> [Input for this task]:
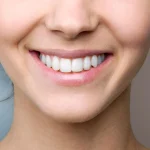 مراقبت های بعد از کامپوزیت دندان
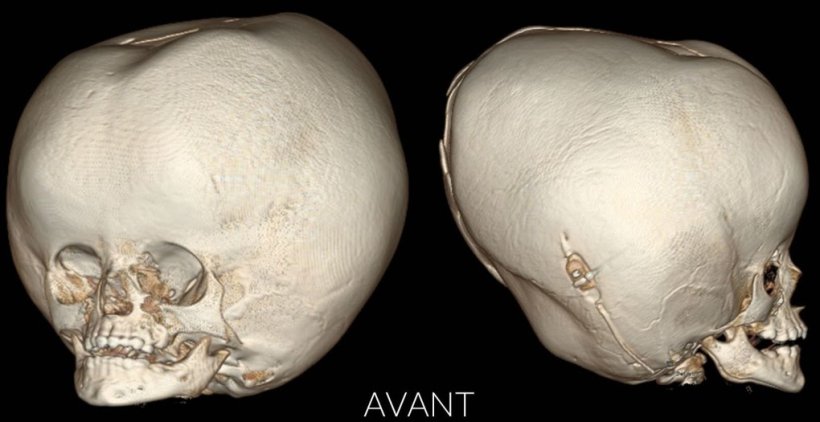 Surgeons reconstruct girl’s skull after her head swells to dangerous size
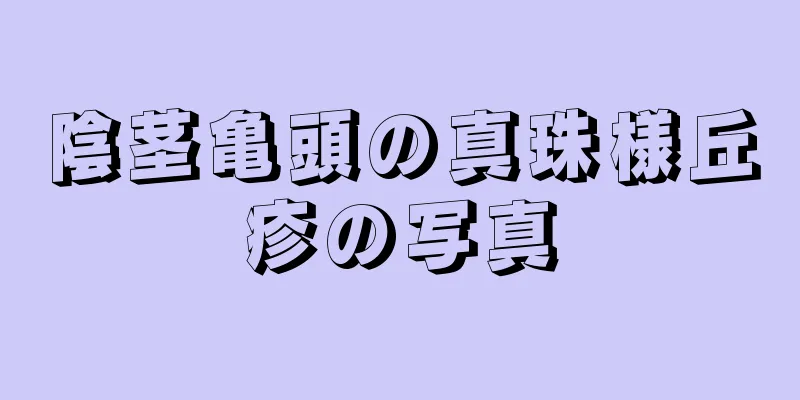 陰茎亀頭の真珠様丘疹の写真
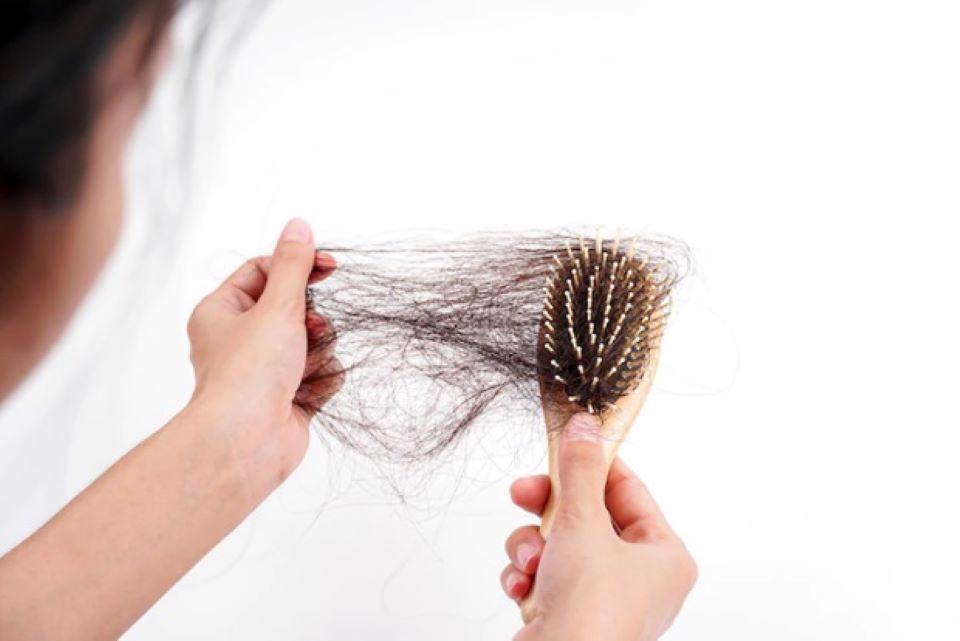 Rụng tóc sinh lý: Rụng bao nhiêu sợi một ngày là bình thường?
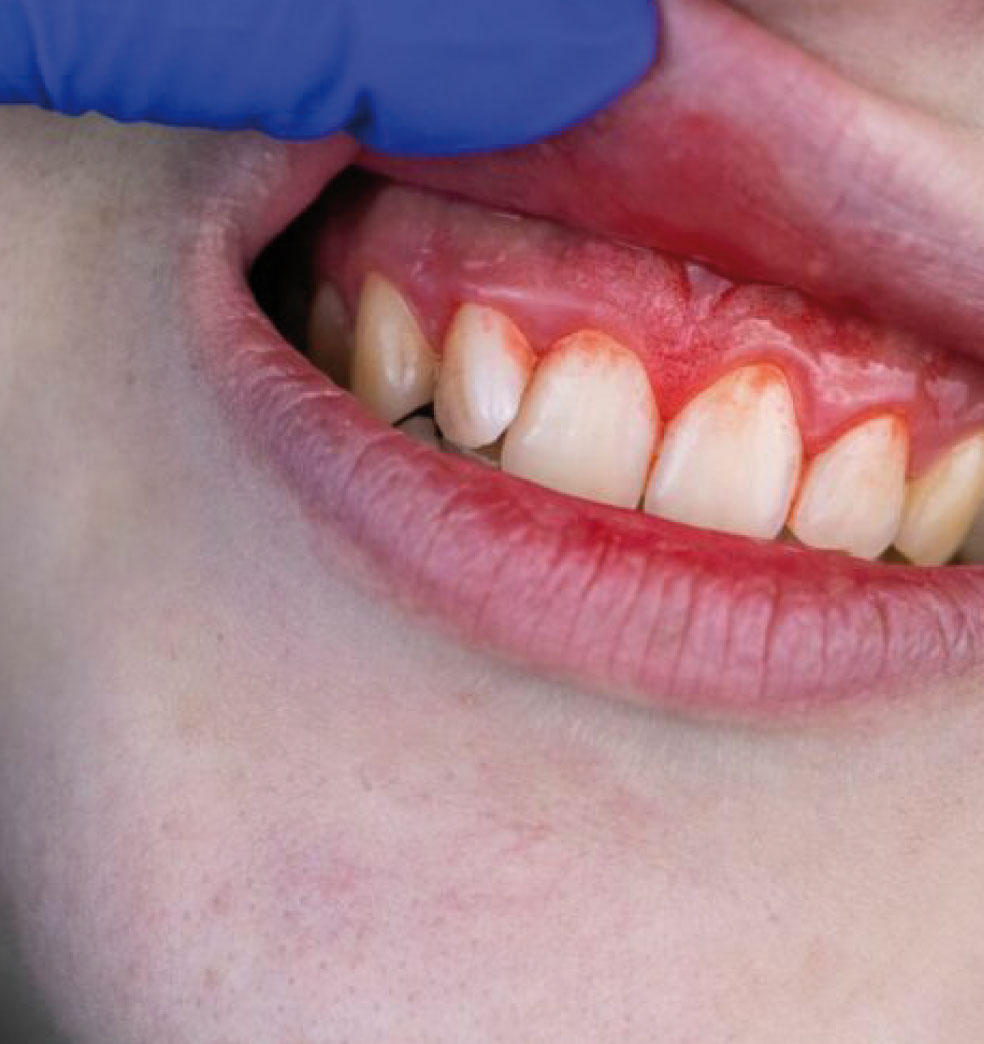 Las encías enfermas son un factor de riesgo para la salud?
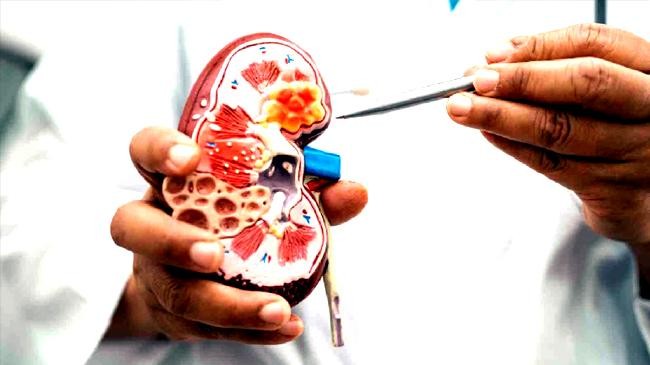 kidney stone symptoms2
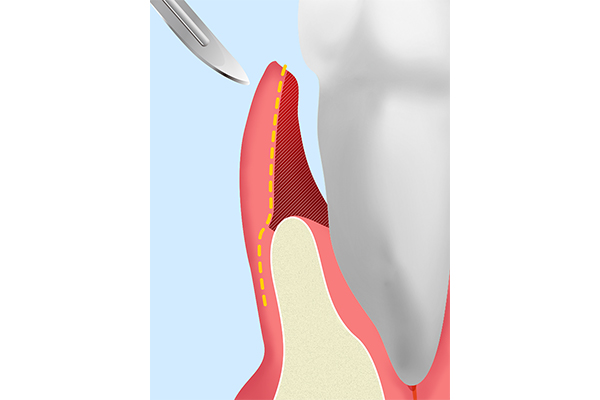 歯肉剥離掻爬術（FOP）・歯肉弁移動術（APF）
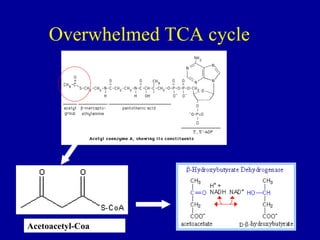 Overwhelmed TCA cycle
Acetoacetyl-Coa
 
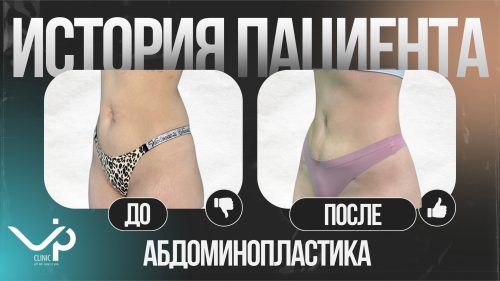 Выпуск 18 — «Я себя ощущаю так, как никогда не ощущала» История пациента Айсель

==

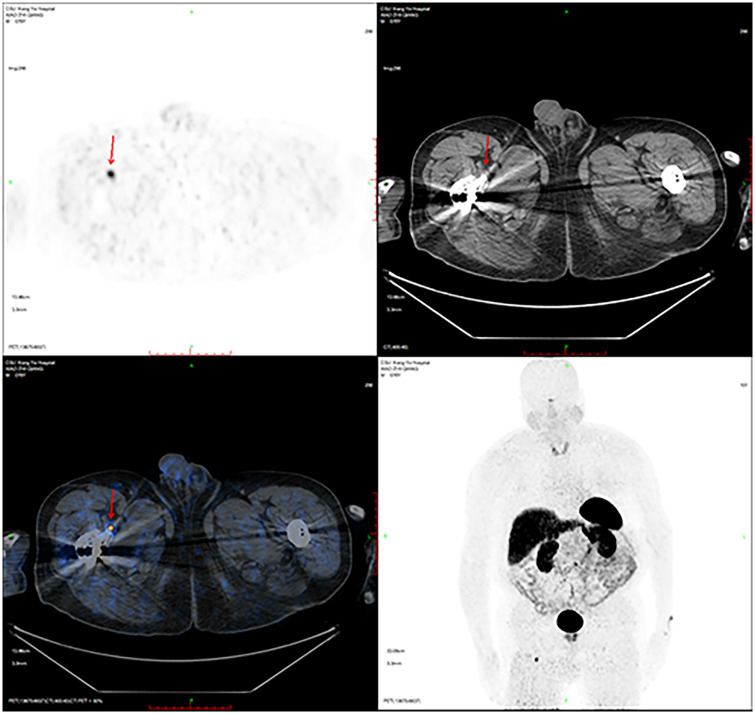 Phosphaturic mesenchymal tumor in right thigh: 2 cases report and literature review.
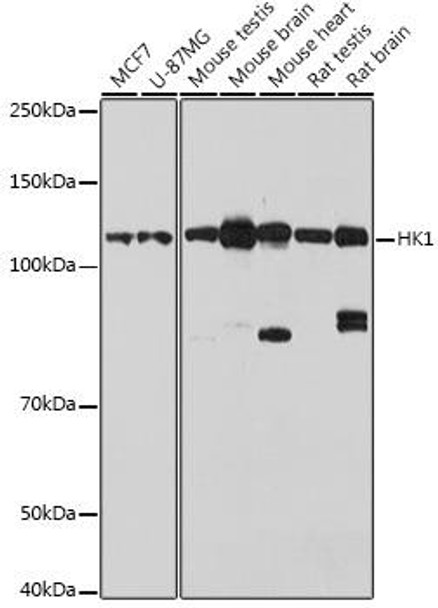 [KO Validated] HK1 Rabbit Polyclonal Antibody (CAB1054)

---

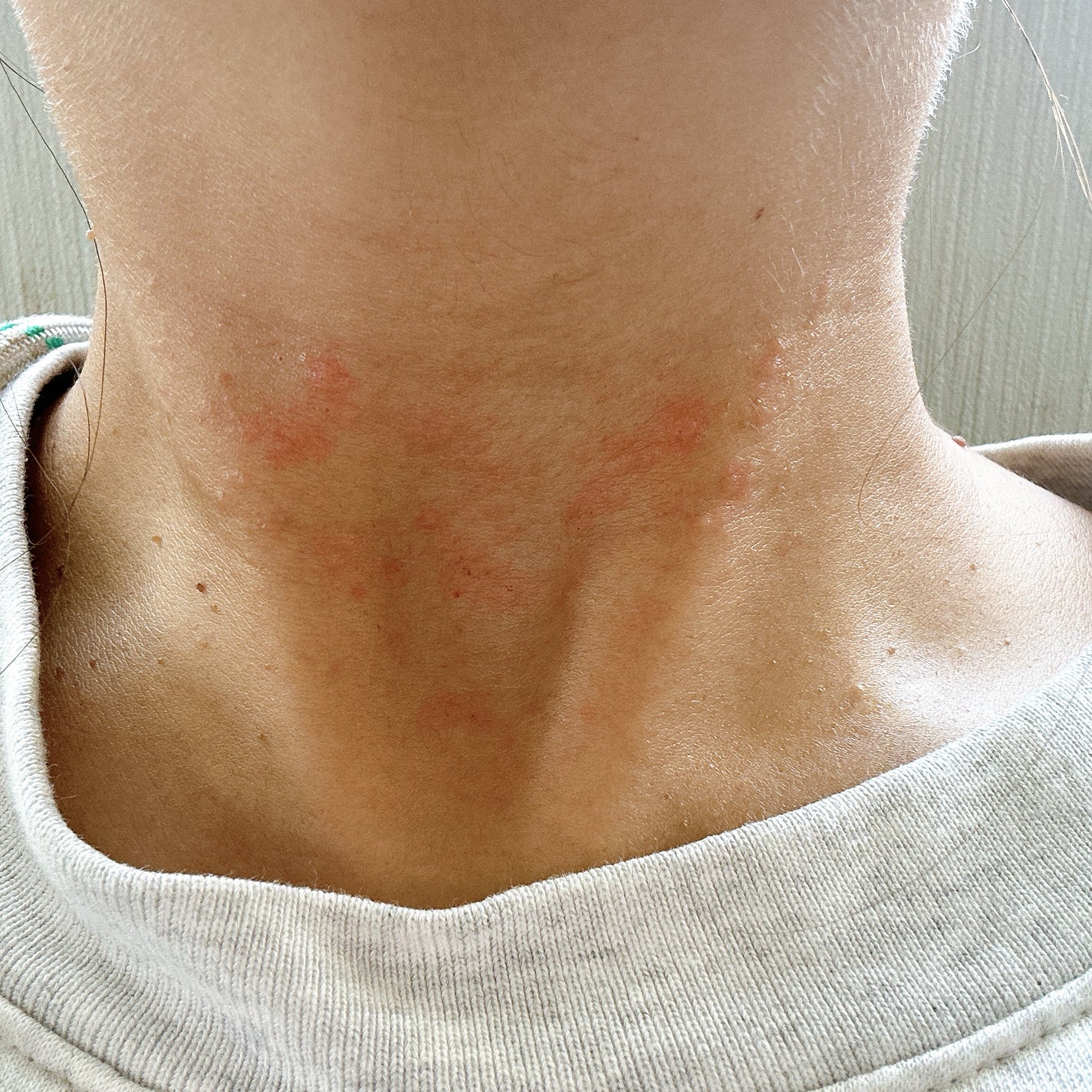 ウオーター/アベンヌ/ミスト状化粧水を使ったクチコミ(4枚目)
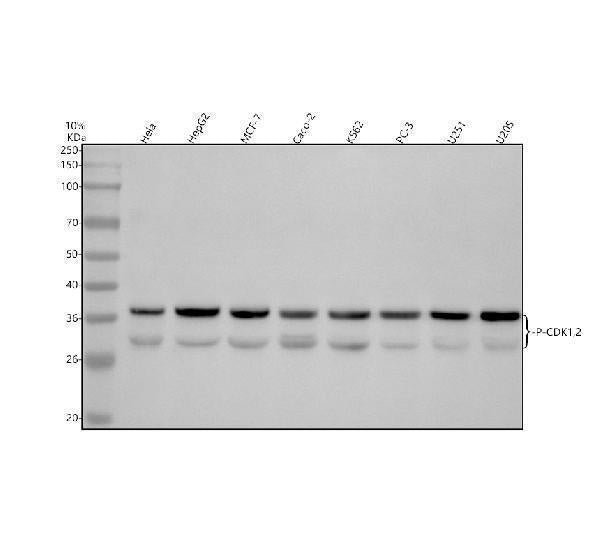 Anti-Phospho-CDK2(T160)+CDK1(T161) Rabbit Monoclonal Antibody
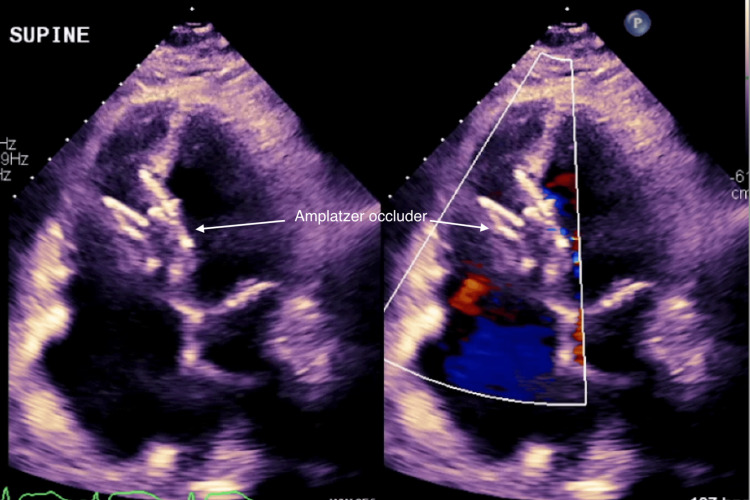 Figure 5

> [What is required]: From the records above, copy exactly the lines starting at the one with "Acetoacetyl-Coa" and ending at the one with "Выпуск 18 —", and no others. Pictures stay out.

> [Solution]:
Acetoacetyl-Coa
 
 Выпуск 18 — «Я себя ощущаю так, как никогда не ощущала» История пациента Айсель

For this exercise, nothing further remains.